“Is the world changing for the better?” (College Board, 2012; p823)
Thesis: At present the world is not changing for the better.
ILA. 1.Evidence| 2.Analysis
1.Evidence| Over 60% of the forest that previous covered the earth has been cut down.
2.Analysis| Clearing space for development is one of the main causes for the destruction of forests. For a long time technology has been developed with very little regard for nature, resulting in many sites of natural beauty being destroyed entirely and lost to mankind forever.
PLA. 1.Point| 2.More information| 3.ILA| 4.Link
1.Point| Many sites of natural beauty have been destroyed.
2.More information| Although technological advancements allow us to achieve or
create more things, at the same time irreplaceable things are being ignorantly destroyed.
3.ILA|Evidence and analysis.
4.Link| As the earth’s natural beauty is being destroyed and is unable to be restored, the world certainly is not changing for the better.
ELA. 1.Intro| 2.PLA-1| 3.PLA-2| 4.PLA-3| 5. Conc.
1.Introduction|Change is inevitable! It is true that the world must and will always change, but that does not mean that the change will always be good. At present the world is not changing for the better. Evidence from nature, social interaction
and economy will be used to support this thesis.
2.PLA-1|1 st body paragraph.
3.PLA-2|2 nd body paragraph.
4.PLA-3|3 rd body paragraph.
5.Conclusion|In conclusion, it is clear that the world is not changing for the better.
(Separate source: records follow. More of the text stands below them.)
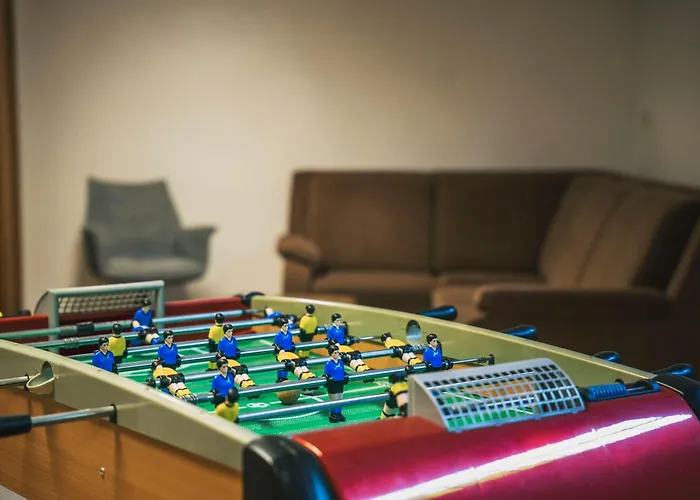 Werdenberg Villa Bludenz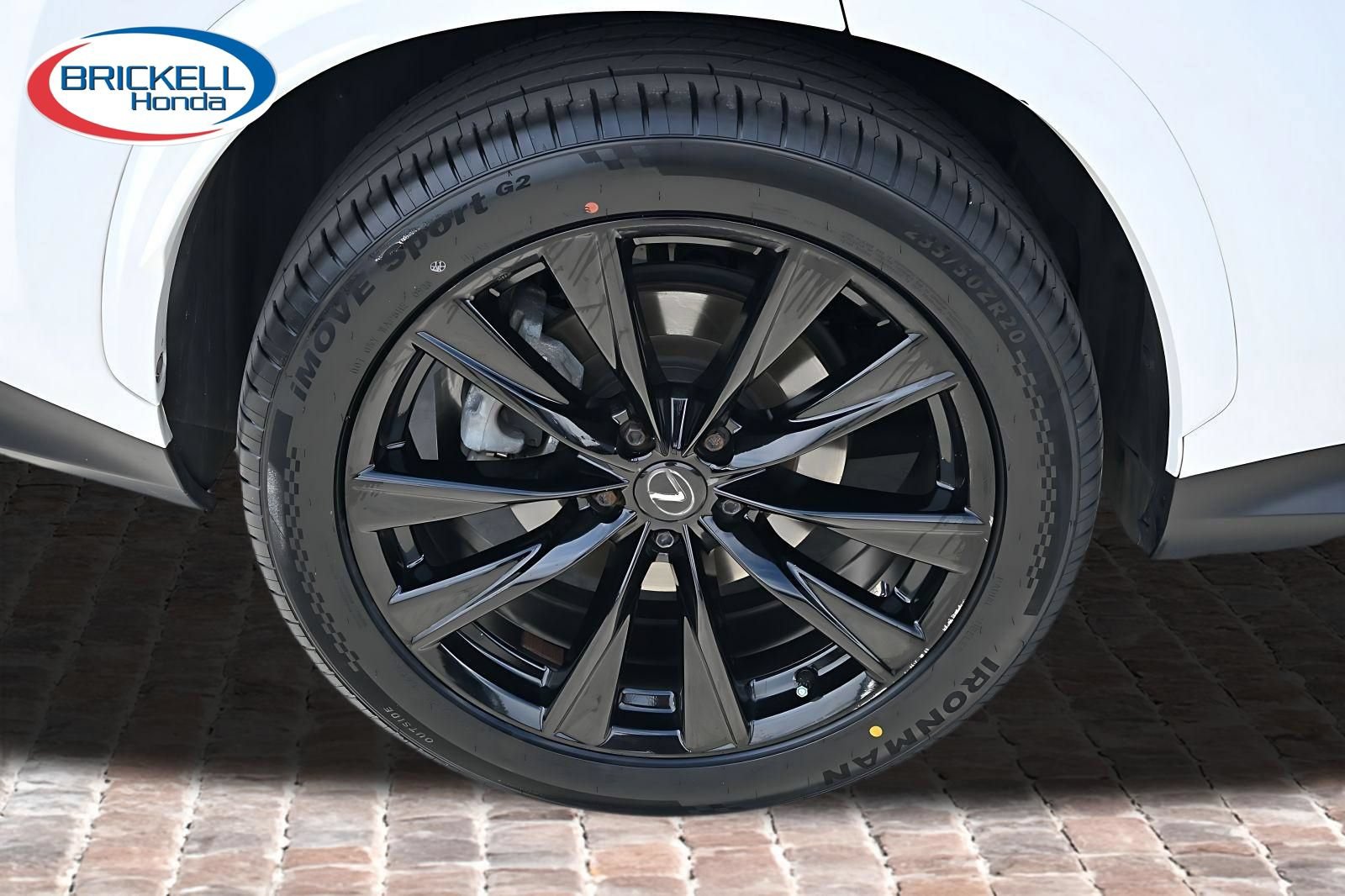 Used 2024 Lexus NX 350 F Sport AWD/4WD image 39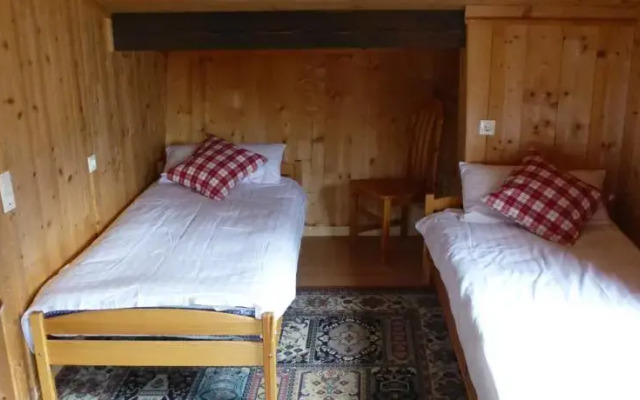 Ferienhaus Tirol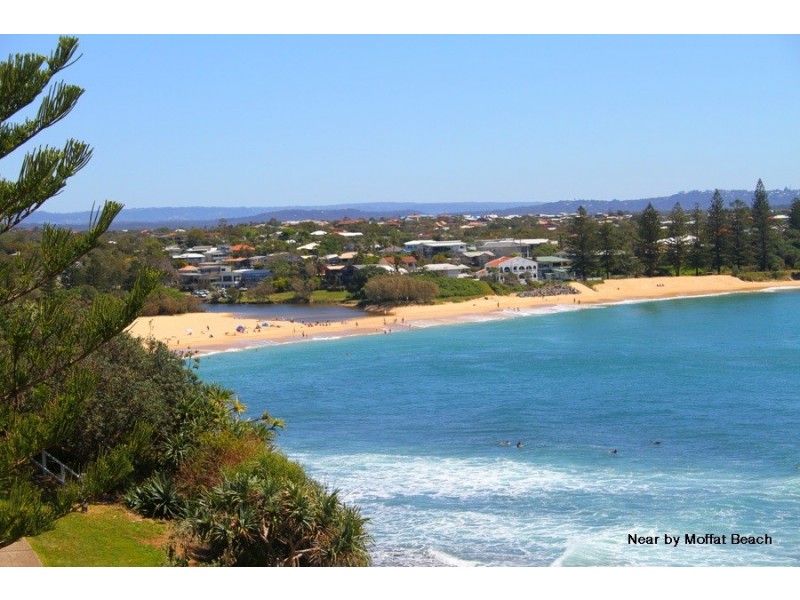 34 Buccleugh Street, Moffat Beach QLD 4551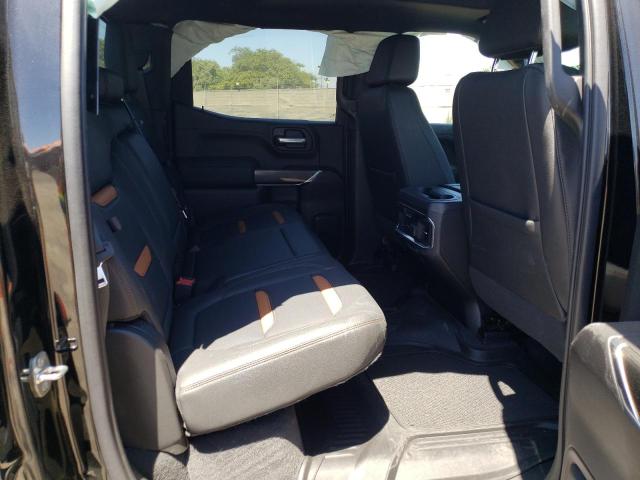 1GTU9EETXMZ237023 GMC Sierra K1500 At4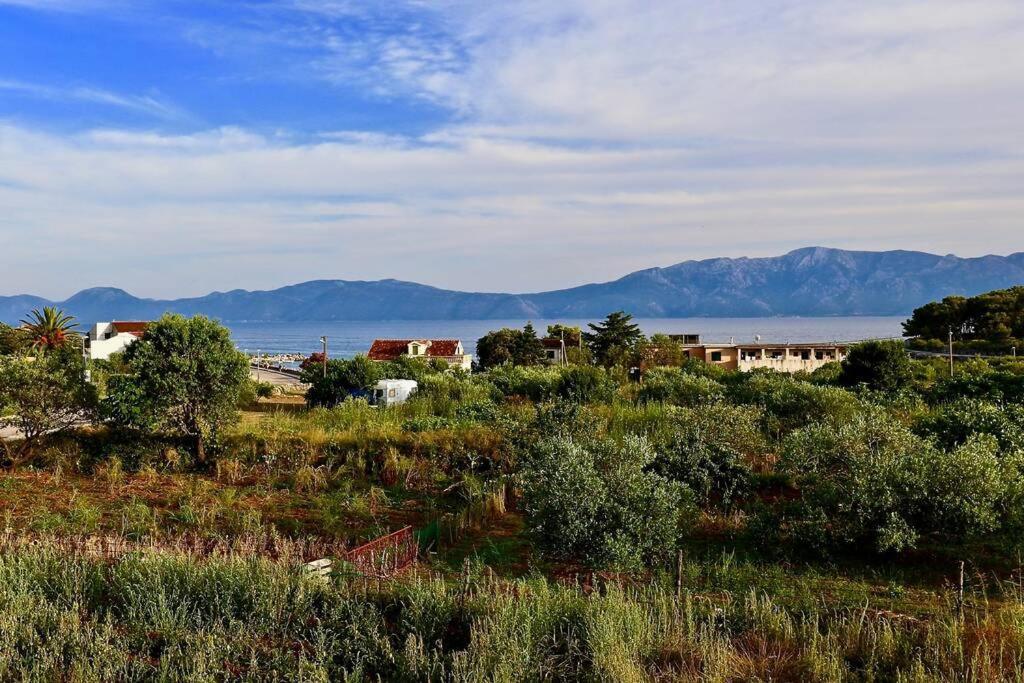 Manora Sucuraj 2 Bedroom Apartment Екстер'єр фото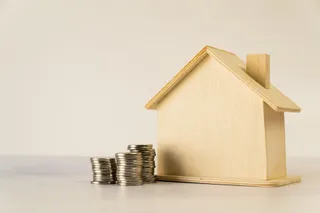 Mi primera vivienda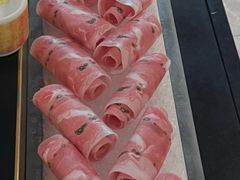 -京悦南门涮羊肉·羊蝎子火锅(田林路店)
Evidence from nature, social interaction, and the economy clearly shows that the world is in fact getting worse. If the world continues to change in this way, there will be nothing left worth cherishing.
Evidence: is only a description of “what” has happened in the world.
Analysis: Adds important information to the evidence and shows “how” changes in the world have caused it. Through the analysis, the evidence is connected to the point of the PLA.
Point: Must be 1 sentence only, which clearly shows the argument of the paragraph.
More Information: develops the point (paragraph argument) ready for the ILA, by adding more details to the point.
A PLA can contain more than 1 ILA, and an ELA can have more than 3 PLAs.
In fact, at university a PLA should have many more ILAs, and an ELA should have as many PLAs as needed to effectively answer the question.